С этого года учителям предлагается работать по единой программе. По литературе было разнообразие очень хороших программ и очень качественных, сделанных серьезными научными и методическими коллективами учебников. Теперь они оказались в подпольном статусе, а учебный год, скажем, в 6-м классе начинается с древнерусской литературы. Представьте себе, что приходит шестиклассник на первые уроки — и у него текст, в котором ему не понятно ничего. 

Я не против древнерусской литературы и люблю изучать ее с детьми. Но психология детского восприятия такова, что важно начинать с мотивации, двигаясь от того, что близко, к тому, что далеко, от простого — к сложному, а не наоборот.
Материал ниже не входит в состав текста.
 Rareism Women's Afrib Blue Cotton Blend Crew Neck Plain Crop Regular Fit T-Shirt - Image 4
Важно связывать материал с личным опытом, с современностью, с творчеством и не изучать тексты так быстро. Даже в «Бородине», очевидно, больше половины слов написано не на современном русском языке, и нужно в три-четыре раза больше времени, чтобы разобрать с детьми этот текст. 
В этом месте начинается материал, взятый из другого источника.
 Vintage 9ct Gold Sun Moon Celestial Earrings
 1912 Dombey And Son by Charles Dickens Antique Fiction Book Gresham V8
Очень многие коллеги отмечают, что программа непомерно тороплива, не дает возможность не то что вдумчиво — просто осмысленно — прочитать с детьми текст. Но главное, что предлагаемый единый учебник лишен осмысленности в расположении материала, ученик не понимает, чему он учится, какие навыки он развивает.

Теперь в программе формально присутствуют «Молодая гвардия» и «Как закалялась сталь». 

Провести хороший урок по работе с идеологической, заказной, а не художественной литературой — на мой взгляд, это любопытная методическая задача для учителя.

В этом году особенно много высоких разговоров о воспитании в школе, и меня они пугают. Не потому, что я против воспитания. Просто я вижу в этом большое искушение. Я недоумеваю, когда спрашиваю у коллег о том, зачем они преподают литературу, и слышу в ответ про воспитание нравственности. Я в себе нравственность еще не воспитал и очень удивляюсь, что люди считают себя вправе ее воспитывать у других. 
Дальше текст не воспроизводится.